2 comments to Guestbook

  • Nancy Wong

    “As much as we approve of attempting to find a legal heir to Maier’s legacy, it would be extremely sad if her work couldn’t be published or exhibited for an indefinite amount of time.”

    Mr. Esser,
    The real issue is about copyright.

    “People do not recognize the importance of this case to photographers, artists, writers, and others who create work, or their potential heirs. They only see some attorney trying to make a score. In reality, he is trying to establish some precedent.”

    • Hi Nancy,

      I am of course aware that this is about copyright, and that’s exactly the problem. Trying to make a precedent isn’t a bad thing per se, but does it make sense in this case?
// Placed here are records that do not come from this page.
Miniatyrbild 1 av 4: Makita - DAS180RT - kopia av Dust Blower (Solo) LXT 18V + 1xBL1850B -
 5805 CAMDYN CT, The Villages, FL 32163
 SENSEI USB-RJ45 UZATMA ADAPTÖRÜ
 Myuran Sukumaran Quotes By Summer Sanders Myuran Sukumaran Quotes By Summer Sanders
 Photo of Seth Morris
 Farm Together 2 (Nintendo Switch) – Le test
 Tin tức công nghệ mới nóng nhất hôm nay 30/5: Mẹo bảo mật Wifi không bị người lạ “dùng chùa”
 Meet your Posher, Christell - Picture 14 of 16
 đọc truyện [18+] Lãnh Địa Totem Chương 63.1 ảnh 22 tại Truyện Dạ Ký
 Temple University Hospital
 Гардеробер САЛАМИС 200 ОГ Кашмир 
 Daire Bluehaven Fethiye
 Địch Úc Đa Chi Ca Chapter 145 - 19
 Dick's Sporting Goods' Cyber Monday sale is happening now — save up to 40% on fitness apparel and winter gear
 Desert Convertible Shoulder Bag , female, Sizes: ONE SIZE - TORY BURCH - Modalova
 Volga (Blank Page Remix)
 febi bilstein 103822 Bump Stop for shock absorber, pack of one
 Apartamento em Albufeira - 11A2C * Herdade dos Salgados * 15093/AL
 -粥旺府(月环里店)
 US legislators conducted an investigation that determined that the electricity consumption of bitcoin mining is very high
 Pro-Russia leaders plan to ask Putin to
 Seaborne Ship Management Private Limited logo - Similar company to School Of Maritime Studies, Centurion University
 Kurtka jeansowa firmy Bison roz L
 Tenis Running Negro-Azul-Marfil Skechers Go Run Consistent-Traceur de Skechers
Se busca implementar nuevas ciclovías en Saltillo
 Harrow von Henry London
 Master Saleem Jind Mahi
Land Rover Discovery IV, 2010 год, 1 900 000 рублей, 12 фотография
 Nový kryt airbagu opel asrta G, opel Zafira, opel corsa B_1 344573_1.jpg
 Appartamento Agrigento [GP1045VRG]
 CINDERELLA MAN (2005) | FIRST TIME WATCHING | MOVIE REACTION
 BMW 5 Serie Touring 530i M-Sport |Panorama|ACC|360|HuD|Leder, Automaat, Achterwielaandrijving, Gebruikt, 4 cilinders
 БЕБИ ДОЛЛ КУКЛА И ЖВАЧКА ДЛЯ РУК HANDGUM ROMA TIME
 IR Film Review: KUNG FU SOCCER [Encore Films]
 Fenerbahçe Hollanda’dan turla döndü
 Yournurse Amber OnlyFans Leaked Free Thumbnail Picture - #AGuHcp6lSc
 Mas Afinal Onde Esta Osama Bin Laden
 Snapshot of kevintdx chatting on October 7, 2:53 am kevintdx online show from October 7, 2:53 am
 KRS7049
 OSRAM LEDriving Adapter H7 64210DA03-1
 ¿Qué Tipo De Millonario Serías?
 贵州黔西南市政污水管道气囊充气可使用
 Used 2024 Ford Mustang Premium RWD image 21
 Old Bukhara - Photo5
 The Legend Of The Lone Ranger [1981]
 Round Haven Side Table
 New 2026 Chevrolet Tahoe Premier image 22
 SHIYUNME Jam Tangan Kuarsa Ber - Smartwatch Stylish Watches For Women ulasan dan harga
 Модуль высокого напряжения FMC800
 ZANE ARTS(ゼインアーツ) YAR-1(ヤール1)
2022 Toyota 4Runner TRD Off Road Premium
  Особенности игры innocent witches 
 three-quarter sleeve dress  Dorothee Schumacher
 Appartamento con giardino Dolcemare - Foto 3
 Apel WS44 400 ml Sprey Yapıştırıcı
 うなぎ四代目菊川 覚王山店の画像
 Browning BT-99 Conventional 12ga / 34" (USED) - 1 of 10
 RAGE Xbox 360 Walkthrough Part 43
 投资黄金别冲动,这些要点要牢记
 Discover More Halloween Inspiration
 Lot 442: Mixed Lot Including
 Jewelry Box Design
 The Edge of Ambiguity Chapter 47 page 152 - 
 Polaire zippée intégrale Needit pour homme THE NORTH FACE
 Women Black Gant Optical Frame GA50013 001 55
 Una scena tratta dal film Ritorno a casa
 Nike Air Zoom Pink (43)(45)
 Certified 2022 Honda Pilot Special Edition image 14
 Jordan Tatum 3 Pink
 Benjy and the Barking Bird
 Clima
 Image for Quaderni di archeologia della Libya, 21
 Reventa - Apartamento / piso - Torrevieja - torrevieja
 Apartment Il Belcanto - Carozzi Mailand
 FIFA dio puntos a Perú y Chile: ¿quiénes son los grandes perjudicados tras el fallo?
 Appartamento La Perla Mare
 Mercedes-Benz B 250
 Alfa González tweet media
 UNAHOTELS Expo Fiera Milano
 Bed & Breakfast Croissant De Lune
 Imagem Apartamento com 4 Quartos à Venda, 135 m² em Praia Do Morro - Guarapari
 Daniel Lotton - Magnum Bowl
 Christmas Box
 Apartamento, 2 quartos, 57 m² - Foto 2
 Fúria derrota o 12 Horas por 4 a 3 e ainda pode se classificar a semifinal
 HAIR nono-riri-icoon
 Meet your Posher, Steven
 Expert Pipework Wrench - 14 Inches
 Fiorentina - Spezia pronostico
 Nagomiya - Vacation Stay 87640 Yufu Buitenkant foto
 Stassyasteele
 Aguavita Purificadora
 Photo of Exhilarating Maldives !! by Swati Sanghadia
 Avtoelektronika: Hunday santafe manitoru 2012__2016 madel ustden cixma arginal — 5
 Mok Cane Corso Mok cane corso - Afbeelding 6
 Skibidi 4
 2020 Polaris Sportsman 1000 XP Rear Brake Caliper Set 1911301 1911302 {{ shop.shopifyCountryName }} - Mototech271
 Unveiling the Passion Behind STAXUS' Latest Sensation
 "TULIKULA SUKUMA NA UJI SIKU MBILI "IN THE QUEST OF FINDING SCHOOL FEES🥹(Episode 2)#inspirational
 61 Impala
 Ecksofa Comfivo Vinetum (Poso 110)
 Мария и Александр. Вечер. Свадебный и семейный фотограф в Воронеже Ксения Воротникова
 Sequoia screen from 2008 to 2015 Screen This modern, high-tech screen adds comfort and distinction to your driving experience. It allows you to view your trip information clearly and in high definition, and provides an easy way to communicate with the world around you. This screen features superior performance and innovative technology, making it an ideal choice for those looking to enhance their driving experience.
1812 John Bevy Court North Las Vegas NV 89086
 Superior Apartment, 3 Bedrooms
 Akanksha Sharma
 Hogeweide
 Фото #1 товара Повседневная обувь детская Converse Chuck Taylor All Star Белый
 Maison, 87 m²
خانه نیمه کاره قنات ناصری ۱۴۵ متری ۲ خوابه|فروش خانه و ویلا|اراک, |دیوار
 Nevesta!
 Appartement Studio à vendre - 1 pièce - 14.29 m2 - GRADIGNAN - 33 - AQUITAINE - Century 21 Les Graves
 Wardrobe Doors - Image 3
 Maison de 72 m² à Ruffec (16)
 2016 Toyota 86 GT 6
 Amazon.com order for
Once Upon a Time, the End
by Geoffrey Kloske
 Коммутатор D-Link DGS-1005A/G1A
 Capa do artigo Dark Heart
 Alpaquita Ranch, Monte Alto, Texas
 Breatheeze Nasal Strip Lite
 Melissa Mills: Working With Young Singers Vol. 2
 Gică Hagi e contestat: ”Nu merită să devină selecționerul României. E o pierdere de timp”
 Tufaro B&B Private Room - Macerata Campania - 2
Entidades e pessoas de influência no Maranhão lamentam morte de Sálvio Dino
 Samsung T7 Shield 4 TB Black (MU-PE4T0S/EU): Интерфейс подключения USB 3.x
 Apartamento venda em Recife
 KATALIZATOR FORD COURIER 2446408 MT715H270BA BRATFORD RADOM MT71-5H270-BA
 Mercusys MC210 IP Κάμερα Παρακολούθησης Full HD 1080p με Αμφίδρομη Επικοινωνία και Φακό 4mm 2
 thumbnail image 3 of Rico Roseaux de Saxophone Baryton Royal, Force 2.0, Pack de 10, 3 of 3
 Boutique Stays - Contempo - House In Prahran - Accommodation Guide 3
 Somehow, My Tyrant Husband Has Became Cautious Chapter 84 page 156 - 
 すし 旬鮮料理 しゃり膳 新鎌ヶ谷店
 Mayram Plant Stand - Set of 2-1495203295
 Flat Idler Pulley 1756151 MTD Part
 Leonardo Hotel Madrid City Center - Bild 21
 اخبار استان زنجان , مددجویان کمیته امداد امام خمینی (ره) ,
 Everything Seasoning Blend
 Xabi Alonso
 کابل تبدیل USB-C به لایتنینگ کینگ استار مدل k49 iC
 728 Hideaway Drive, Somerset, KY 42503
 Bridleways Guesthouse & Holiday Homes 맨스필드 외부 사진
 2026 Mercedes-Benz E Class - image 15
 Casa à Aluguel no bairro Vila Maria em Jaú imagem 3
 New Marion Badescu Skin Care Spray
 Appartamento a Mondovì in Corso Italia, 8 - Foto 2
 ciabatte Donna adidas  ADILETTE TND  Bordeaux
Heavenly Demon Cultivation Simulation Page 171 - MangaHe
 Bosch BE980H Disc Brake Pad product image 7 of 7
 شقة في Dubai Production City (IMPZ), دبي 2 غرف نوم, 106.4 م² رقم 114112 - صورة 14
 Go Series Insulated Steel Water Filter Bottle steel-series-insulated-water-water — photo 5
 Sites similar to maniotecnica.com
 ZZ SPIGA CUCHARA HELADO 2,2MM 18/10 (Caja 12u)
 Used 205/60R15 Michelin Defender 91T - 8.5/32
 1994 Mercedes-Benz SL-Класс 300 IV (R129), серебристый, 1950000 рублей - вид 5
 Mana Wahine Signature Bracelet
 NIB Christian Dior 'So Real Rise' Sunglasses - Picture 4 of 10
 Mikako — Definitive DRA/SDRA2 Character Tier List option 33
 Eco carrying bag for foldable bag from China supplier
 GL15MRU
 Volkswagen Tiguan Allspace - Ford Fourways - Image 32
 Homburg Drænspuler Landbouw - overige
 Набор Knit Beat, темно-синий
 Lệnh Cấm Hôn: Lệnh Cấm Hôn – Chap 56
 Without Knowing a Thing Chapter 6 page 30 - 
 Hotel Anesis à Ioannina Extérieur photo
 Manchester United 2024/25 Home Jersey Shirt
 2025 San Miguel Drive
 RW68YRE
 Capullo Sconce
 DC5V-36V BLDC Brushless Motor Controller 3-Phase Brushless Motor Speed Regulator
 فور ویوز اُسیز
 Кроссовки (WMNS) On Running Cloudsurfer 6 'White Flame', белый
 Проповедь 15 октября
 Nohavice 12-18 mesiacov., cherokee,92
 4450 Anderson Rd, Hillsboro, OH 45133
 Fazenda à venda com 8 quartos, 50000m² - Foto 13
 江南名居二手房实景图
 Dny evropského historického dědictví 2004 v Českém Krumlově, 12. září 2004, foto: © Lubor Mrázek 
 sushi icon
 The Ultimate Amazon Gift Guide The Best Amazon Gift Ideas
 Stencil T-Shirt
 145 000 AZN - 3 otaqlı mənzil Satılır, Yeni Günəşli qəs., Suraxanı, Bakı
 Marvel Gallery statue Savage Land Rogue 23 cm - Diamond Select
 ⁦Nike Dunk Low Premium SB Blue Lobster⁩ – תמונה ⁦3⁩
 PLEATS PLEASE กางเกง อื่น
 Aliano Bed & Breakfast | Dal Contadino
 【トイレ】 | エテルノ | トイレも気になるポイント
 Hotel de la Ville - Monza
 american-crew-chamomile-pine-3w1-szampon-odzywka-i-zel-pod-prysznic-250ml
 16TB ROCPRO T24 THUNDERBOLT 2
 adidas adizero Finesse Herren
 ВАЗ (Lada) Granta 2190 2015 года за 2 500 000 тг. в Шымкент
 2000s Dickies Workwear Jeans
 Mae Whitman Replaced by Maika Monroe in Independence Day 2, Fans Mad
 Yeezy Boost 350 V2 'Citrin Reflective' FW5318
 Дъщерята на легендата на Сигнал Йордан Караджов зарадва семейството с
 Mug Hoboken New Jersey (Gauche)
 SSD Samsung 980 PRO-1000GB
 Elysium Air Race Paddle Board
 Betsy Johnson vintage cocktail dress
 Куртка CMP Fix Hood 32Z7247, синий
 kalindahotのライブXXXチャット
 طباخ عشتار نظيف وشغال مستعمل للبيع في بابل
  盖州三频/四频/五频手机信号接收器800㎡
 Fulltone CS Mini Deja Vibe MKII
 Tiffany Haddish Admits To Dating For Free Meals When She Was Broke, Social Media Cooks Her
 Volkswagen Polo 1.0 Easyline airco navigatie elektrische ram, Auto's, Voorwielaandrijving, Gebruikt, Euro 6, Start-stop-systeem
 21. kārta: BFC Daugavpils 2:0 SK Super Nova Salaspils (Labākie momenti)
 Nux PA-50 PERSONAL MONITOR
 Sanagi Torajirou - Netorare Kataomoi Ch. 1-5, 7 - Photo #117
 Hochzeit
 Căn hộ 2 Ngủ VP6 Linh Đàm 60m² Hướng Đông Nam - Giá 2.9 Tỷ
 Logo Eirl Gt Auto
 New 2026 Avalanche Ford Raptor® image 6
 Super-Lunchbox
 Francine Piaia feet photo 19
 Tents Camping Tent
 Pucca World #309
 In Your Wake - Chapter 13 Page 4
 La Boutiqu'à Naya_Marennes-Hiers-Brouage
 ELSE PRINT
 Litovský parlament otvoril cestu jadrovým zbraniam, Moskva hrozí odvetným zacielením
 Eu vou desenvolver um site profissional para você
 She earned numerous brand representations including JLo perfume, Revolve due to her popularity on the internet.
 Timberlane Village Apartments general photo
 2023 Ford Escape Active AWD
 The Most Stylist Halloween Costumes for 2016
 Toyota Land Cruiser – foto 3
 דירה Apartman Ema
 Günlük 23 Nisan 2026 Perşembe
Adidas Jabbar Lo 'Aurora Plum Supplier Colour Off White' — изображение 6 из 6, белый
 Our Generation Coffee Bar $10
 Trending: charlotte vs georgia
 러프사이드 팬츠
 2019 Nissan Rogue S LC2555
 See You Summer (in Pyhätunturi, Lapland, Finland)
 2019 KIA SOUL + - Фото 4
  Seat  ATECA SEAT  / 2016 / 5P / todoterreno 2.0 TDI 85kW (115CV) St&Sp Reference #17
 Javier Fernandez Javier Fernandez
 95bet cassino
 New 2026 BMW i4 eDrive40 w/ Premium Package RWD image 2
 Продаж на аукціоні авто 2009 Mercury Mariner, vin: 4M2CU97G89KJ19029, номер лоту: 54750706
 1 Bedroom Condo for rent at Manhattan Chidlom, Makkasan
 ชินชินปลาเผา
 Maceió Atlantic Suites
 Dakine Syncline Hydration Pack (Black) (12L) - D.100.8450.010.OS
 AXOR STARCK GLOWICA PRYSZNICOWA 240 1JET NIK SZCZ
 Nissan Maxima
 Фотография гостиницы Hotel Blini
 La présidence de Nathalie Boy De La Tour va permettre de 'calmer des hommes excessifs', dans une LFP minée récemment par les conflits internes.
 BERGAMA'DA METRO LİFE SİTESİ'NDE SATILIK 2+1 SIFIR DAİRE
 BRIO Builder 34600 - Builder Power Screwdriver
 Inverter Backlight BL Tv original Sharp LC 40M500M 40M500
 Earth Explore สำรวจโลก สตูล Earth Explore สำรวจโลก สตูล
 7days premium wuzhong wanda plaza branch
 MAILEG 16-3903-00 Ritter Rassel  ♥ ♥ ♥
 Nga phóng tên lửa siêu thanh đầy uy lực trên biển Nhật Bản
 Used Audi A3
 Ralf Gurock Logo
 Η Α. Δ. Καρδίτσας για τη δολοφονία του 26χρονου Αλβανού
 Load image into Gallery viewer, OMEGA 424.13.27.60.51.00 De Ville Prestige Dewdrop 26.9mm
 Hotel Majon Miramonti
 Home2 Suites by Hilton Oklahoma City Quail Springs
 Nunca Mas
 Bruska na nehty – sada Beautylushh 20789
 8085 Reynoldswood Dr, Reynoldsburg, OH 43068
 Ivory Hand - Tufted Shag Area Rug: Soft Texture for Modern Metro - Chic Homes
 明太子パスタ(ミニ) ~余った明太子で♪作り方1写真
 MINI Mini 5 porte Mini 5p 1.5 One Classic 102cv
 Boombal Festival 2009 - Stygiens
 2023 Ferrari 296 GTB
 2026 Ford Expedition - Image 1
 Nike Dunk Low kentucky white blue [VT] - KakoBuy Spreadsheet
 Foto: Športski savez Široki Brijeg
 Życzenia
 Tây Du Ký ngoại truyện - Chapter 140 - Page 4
Maier died without any living relatives that could claim the inheritance of her work. While two possible cousins of hers have been made out, they probably never even heard of Ms Maier before they were contacted. So the real point here is: does it make sense to uphold copyright law by all means in a case like this? Or could it possibly be about so much more than just who the legal heir to her work is?

      In my opinion, the latter is the case. While I certainly agree that Mr Maloof doesn’t have a much better claim to hold the copyright to her work, he is the one who spent time, money and effort on promoting it. And her work has a cultural importance that goes beyond the question of whether a removed cousin is her closest living heir or not. So should one person that has no affiliation to Maier at all have a say about what is to happen to her work, after it has been made public already? I think not.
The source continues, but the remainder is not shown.